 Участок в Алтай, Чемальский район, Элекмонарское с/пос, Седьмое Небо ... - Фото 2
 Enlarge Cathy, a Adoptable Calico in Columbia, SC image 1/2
────────
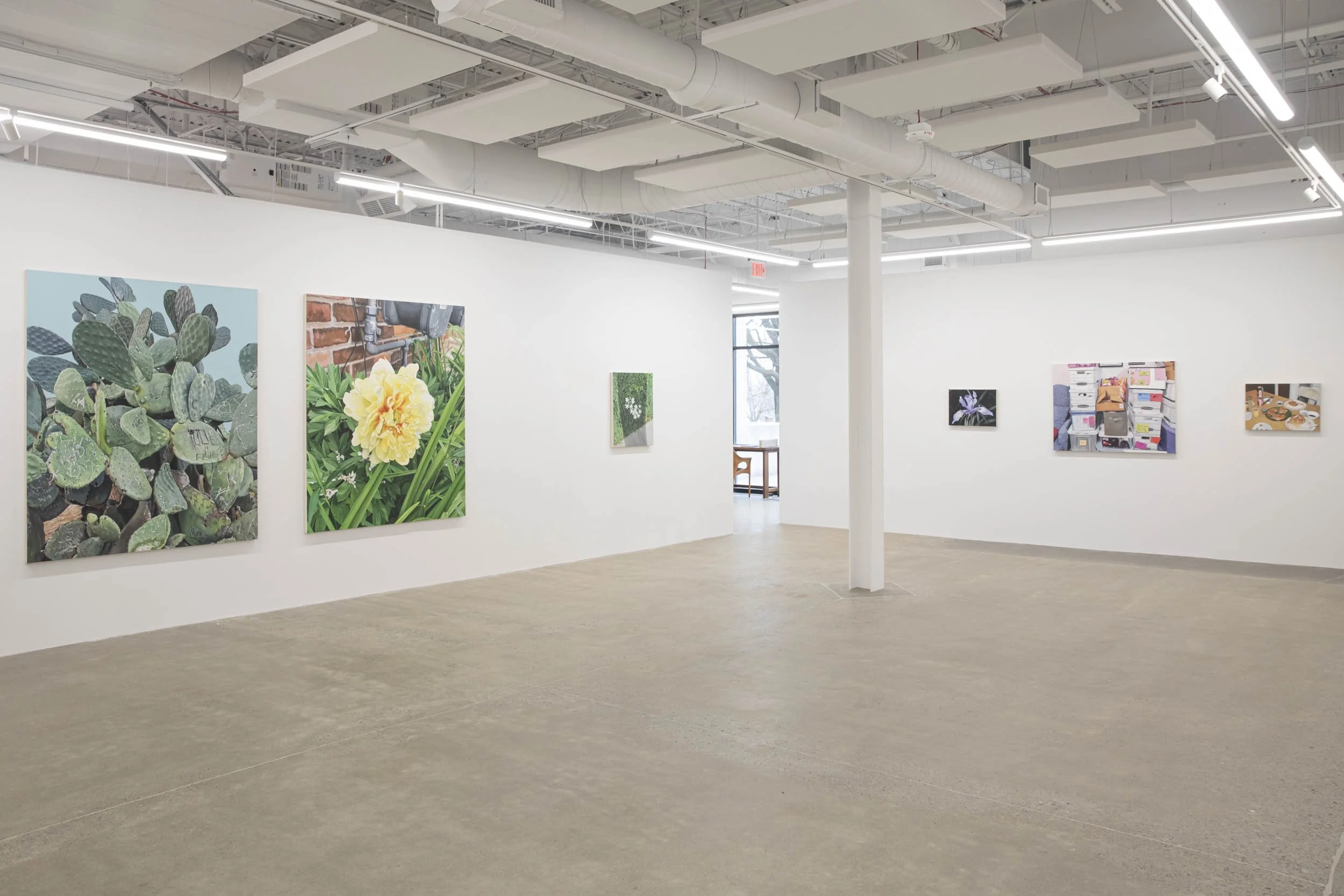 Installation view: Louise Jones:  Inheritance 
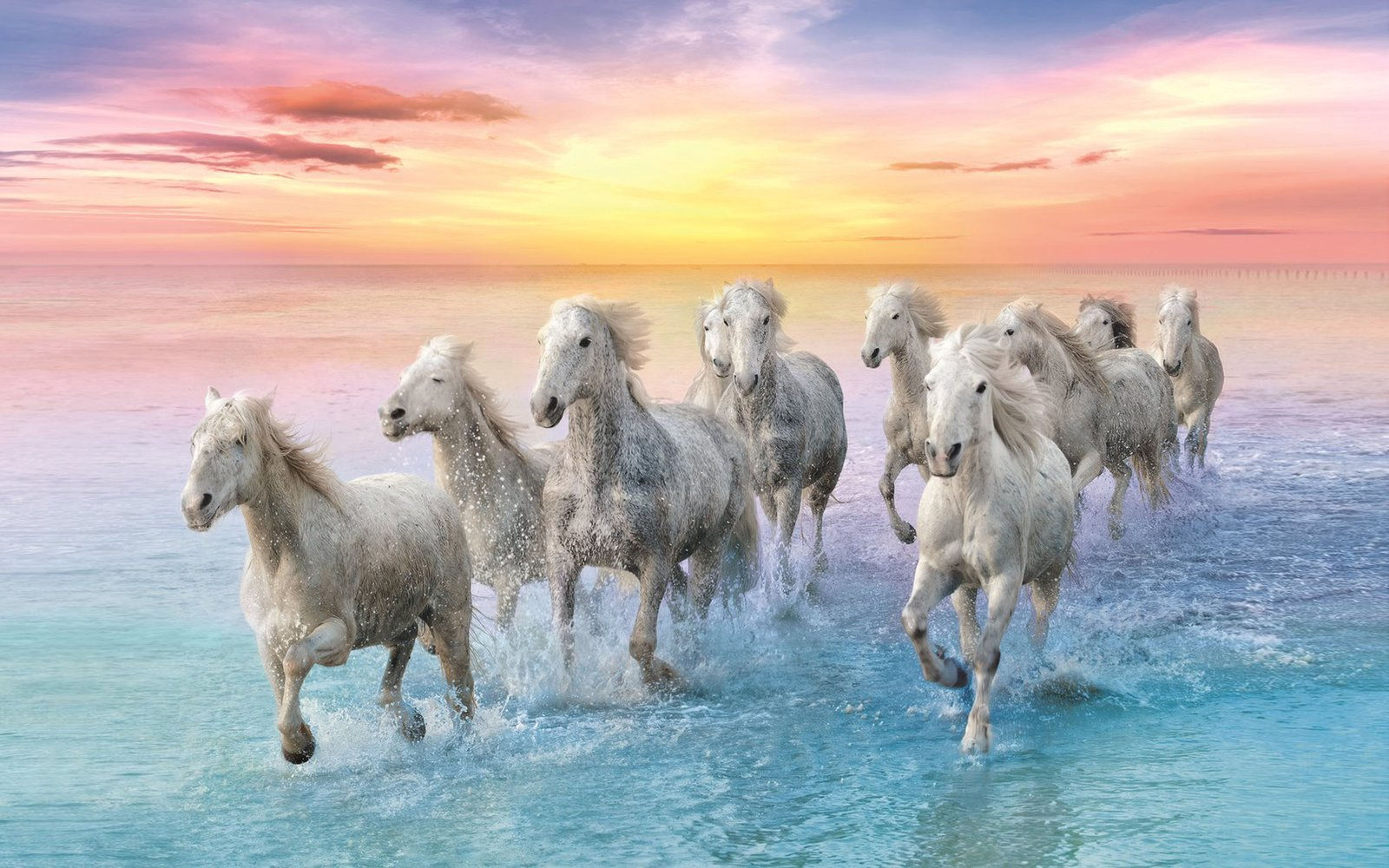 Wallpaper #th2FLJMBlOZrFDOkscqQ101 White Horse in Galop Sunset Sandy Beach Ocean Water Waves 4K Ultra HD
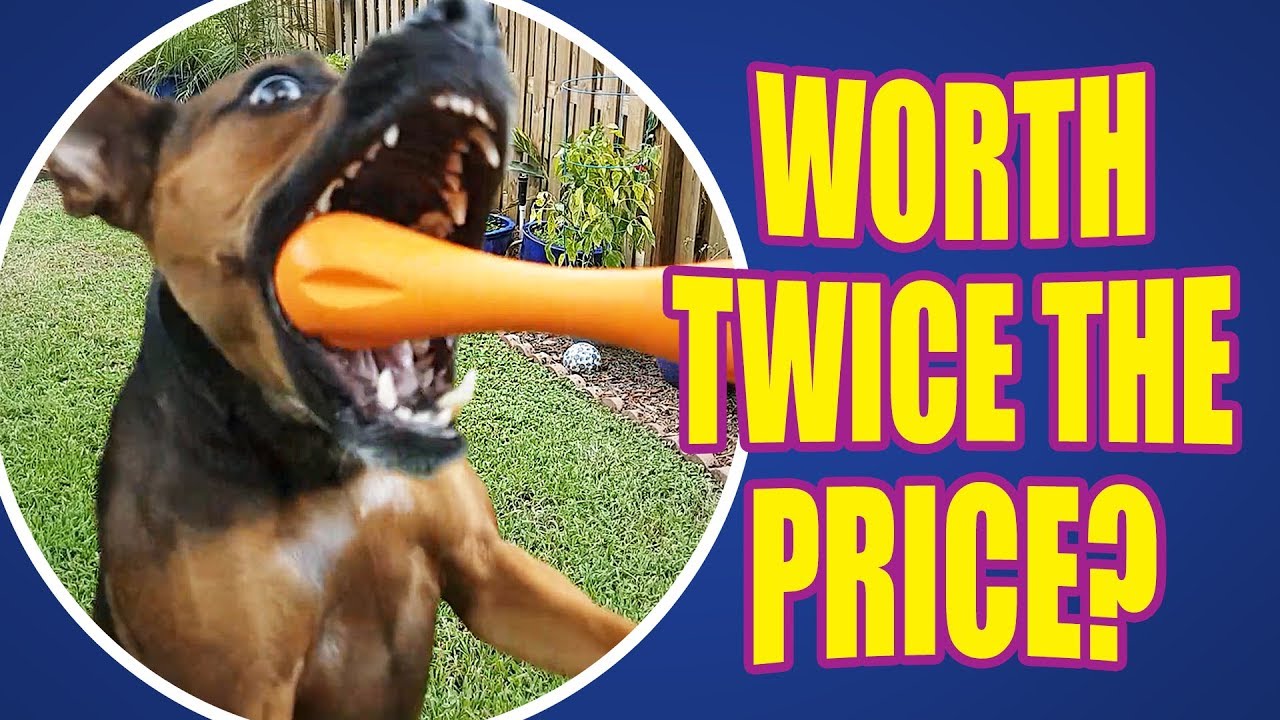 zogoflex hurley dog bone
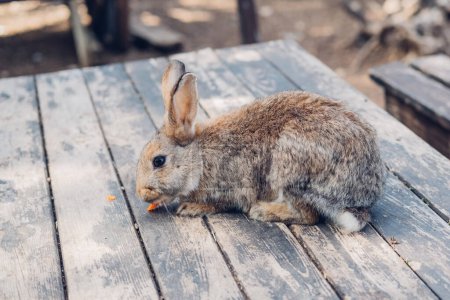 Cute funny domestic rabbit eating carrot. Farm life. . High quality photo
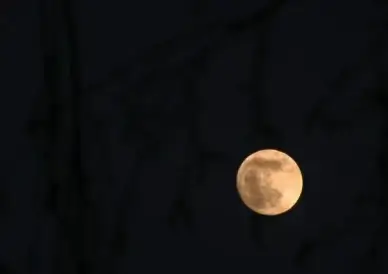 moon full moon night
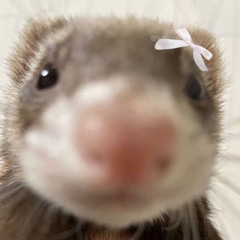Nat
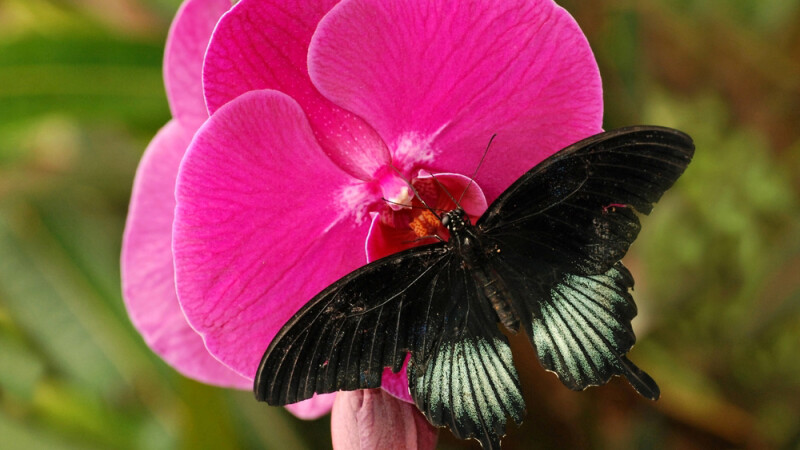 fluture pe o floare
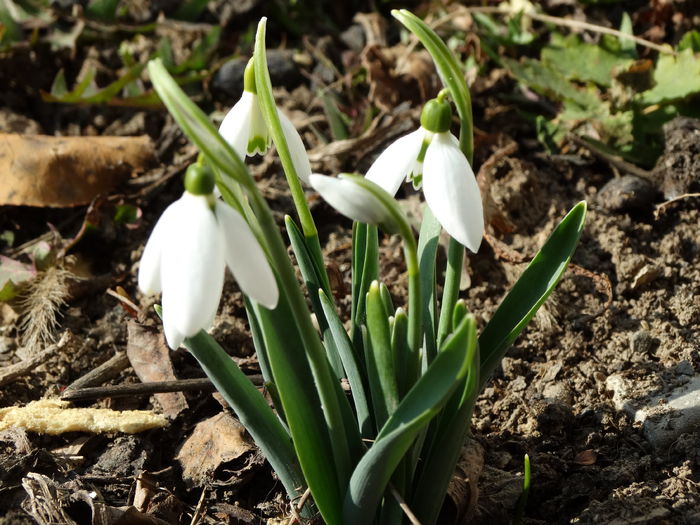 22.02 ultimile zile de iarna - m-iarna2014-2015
────────
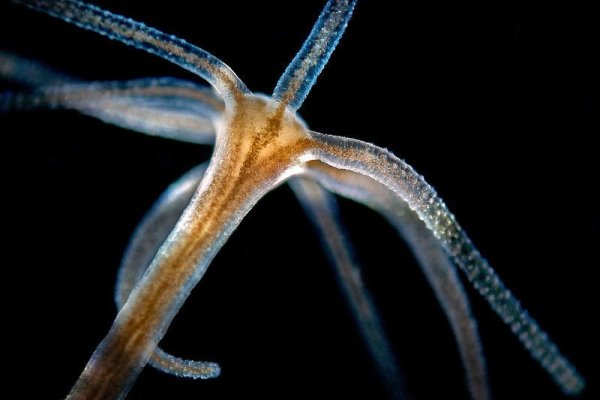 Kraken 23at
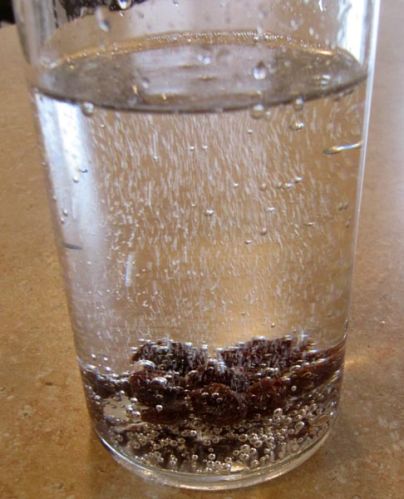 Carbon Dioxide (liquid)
────────
▶ [Action item]:
Leave out every picture, and copy exactly the lines above starting at the one holding "Cute funny domestic" and ending at the one holding "22.02 ultimile zile", no more and no less.

▶ [Result of this task]:
 Cute funny domestic rabbit eating carrot. Farm life. . High quality photo
 moon full moon night
Nat
 fluture pe o floare
 22.02 ultimile zile de iarna - m-iarna2014-2015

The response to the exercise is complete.